An easy-to-deploy, multi-master, replicated solution.
The ability to scale horizontally across data centers via sharding.
Familiar day-to-day operations and DevOps UX with good observability.

What Makes ClickHouse Different

ClickHouse is a column-store database, optimized for fast queries. And it is fast. The ClickHouse team boldly (and accurately) claims:

"ClickHouse works 100-1,000x faster than traditional approaches."

Traditional databases write rows of data to the disk, while column-store databases write columns of data separately. For analytics queries, the column-store approach has a few key performance advantages:

Reduced disk IO: Analytics queries often focus on a handful of columns. Traditional databases must read each row, with all its columns, off the disk. A column-store database reads only the relevant columns from disk. With high-cardinality analytics databases, disk IO is reduced by 100x or more. In general, disk IO is the primary performance bottleneck for analytics, so the benefit here is tremendous.
Compression: By nature, each column stores very similar data. Imagine a food preference field allowing any, vegan, and vegetarian. Compressing a file with three repeating values is incredibly efficient. We get about 20x compression in a large production ClickHouse environment I help manage. Highly compressed data means even less disk IO.
Data locality: The image below shows traditional row storage on the left and column storage on the right. The red blocks in the image below represent data from a single column. With a high-cardinality analytics query, reads are mostly contiguous instead of spread across the disk. These queries work hand-in-hand with the OS's read-ahead cache.
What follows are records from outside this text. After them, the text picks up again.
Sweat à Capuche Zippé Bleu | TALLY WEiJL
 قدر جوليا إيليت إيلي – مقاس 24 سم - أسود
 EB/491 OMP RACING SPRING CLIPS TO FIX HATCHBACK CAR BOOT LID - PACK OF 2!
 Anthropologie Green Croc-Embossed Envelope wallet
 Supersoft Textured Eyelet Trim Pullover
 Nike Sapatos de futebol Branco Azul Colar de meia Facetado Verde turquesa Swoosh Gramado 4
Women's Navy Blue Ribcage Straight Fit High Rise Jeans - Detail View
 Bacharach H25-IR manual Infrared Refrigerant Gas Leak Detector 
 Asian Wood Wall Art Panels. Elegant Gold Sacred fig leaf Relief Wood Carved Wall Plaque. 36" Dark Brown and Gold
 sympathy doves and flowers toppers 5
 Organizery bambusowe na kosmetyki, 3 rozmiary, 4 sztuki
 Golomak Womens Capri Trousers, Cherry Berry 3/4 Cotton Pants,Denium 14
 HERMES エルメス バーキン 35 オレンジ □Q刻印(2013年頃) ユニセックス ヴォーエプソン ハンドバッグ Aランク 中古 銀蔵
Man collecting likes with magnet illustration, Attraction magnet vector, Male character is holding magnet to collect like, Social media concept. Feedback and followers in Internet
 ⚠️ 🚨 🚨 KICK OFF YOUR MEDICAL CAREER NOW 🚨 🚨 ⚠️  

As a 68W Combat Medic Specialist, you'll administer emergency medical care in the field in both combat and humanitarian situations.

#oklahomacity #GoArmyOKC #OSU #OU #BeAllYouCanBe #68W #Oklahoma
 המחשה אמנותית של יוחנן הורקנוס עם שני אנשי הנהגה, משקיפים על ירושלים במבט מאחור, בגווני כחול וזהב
Traditional row storage vs. column-store https://clickhouse.yandex/blog/en/evolution-of-data-structures-in-yandex-metrica

Let's look at a simple dining_activity database table. We'll use it to track who's eating the most food the fastest, and maybe encourage them to go for a jog.

CREATE TABLE dining_activity (username text, food_eaten text, ounces int, speed int, dined_at date) ...

On the left, you can see that MySQL stores the entire table's worth of data in a single file on disk. ClickHouse, on the right, stores each table column in a separate file. This is the essence of a column-store database.

Our table stored on disk: MySQL InnoDB vs. ClickHouse column-store.

ClickHouse is purpose-built for Online Analytical Processing (OLAP), not Online Transaction Processing (OLTP). It is designed for analysis of immutable data, such as logs, events, and metrics. New data arrives all the time, but it is not changed.

⚠️Do not use ClickHouse where you need frequent UPDATEs or DELETEs. ClickHouse provides fast writes and reads at the cost of slow updates.

NOTE: ClickHouse does support UPDATE and DELETE queries, but only with eventual consistency. These operations are slow due to ClickHouse's MergeTree implementation. This feature is useful for GDPR compliance, for example, but you can be sure your transactional app just won't work well.

Ultimately, the column-store architecture is faster and more cost-effective for analytics use cases. The CloudFlare team shares their success with ClickHouse in the article below.

A Note About RedShift

AWS RedShift is an excellent hosted solution; I have used it successfully for several projects. As a traditional RDBMS, it supports transactional and analytics applications. If you need a mostly Postgres-compatible analytics database and cost is no issue, definitely consider RedShift.

On the other hand, this Altinity benchmark helps to demonstrate ClickHouse's impressive performance/cost ratio. The server supporting the green ClickHouse bars costs about $190 per month. The servers supporting the red and orange RedShift bars below cost about $650 and $4,100 per month, respectively. Compared to RedShift on a ds2.xlarge server, ClickHouse offers ~10x better performance at roughly a 30% cost savings.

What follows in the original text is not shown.